Engineering the Design


“Engineers who join this institute are told to forget engineering”. A head of a prominent design institute of India was heard speaking at an event. It was like déjà-vu. I heard that many times while I was in my design school. There were two kinds of students inducted into the design school – first, those who join after twelfth standard and spend five years in honing their skills as a designer, while the others join after engineering or architecture for half the period i.e. two and a half years. And as one would imagine, usually there would be marked difference in some skills i.e. sketching, between the two streams of design students. But was ‘freehand-sketching’ the only thing and everything that ‘design’ had to offer to the world? Well, at least this was the idea percolated within the designers. Engineers would be ‘denounced’ in every discussion around ‘design and creativity’, as the ones who can only be either a good manager or at best work on more ‘engineering’ centred projects.

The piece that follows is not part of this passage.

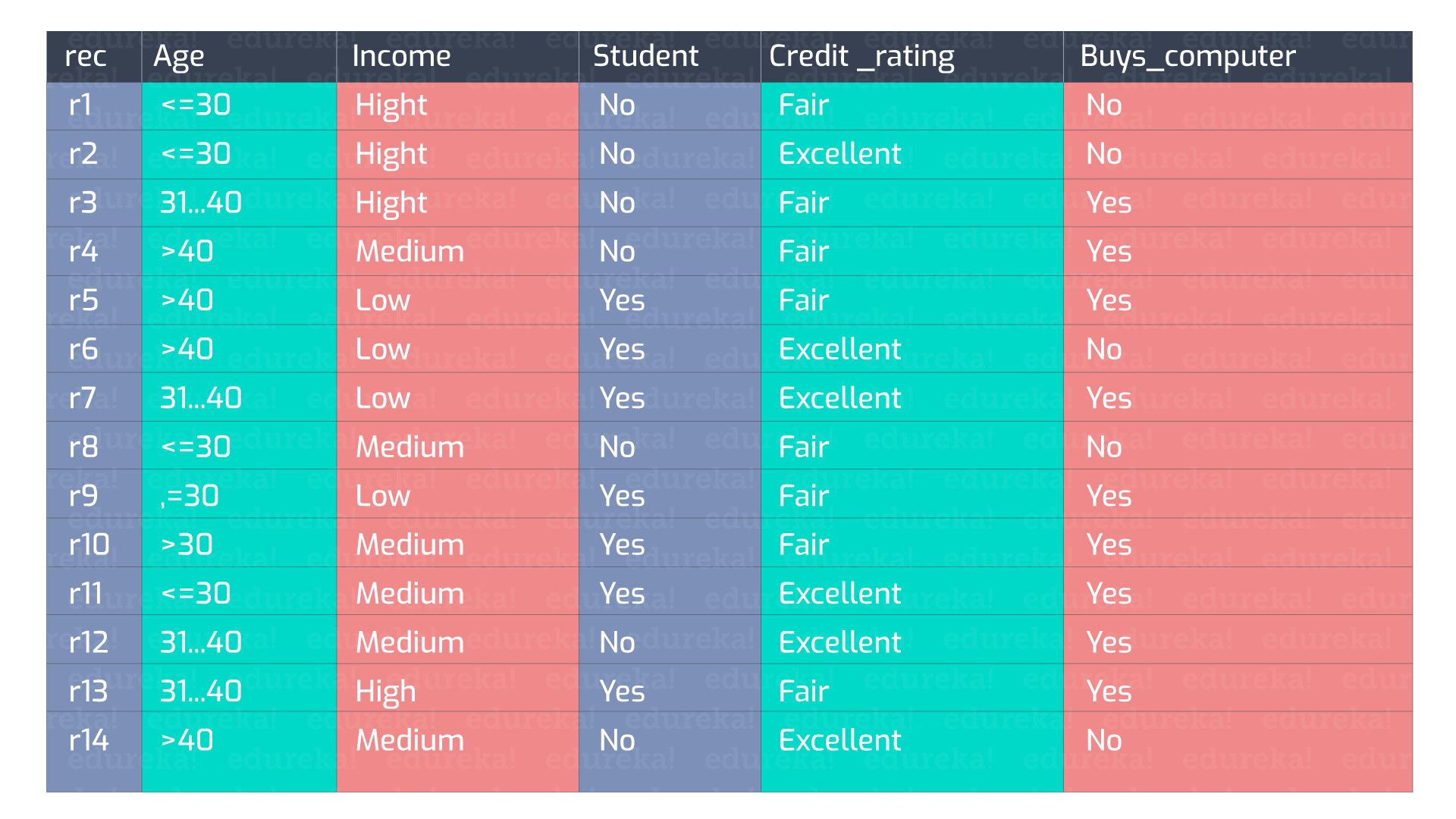 Decision Tree | Decision Tree Introduction With Examples | Edureka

I was surprised to hear a senior designer in a consumer durable multinational company that he never asked designers with additional engineering degrees to work on ‘form and styling projects’, because he ‘knew’ that they won’t be good at it. This discussion however does not absolve the abysmal status of engineering education, in general, in the country where out of 7,50,000 engineers graduate every year. Not one tenth of them are readily employable. The entire aura generated out of this discussion makes an engineering graduate-now-designer disgusted with the whole idea that he/she is rather CHAINED into ENGINEERING to do anything creative. My discussion is limited to the perception of engineering within the design and so called ‘creative’ community.

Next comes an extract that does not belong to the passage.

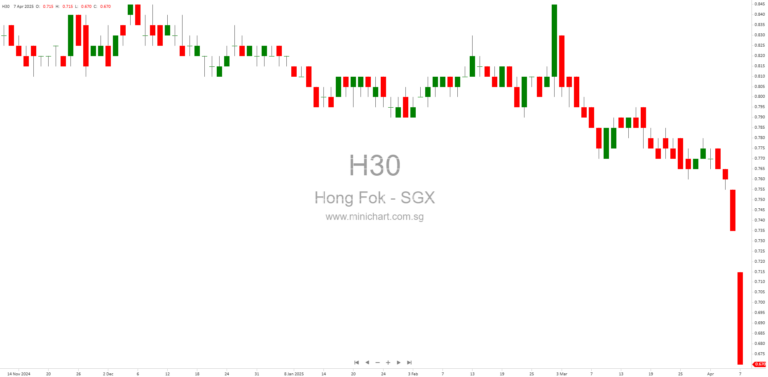Hong Fok Corporation Limited – Notice of Record Date for Proposed Dividend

Now after so many years in the profession I have seen that the other side, the businesses who consume design, had a different story to tell. Many clients- especially the SMEs, usually had some concerns expressed right in our first meeting. They would invariably tell us, “Whatever you design, need to be producible. We have seen far too many designers who give us sexy renderings/images which fail on the manufacturing front and the entire project loses steam ”. And we would tell them that we were well grounded in technology & manufacturing as much as in design, so no need to worry. I have seen in past my partner & co-founder of Onio, Prakash, sorting out some of the most perplexing problems in design-to-manufacturing journey. That started right from the first assignment that we did with Godrej Security Equipments Division on home security doors. He worked with the Godrej engineers and even workmen on the shop floor to make them understand the new design and help them overcome the resistance to change. It is not that these problems only surface in heavy duty product only. We worked for almost 5 years at a stretch on ‘perfumes and cosmetics field, designing perfume bottles, crème jars and respective packaging. Problems of realisation of design were present here also. A commanding knowledge of manufacturing processes gave us an upper hand whenever we were involved with a manufacturing company. A great skill in design and similar finesse in execution are not two mutually exclusive skills as they are believed to be. Situation has not changed after so many years when now many consumer brands just ‘marketing companies’. They get all the stuff manufactured in Taiwan or China. When they call us for design intervention, the questions remain the same- “will you design be realisable? Can you solve the manufacturing issues that come up through the process”?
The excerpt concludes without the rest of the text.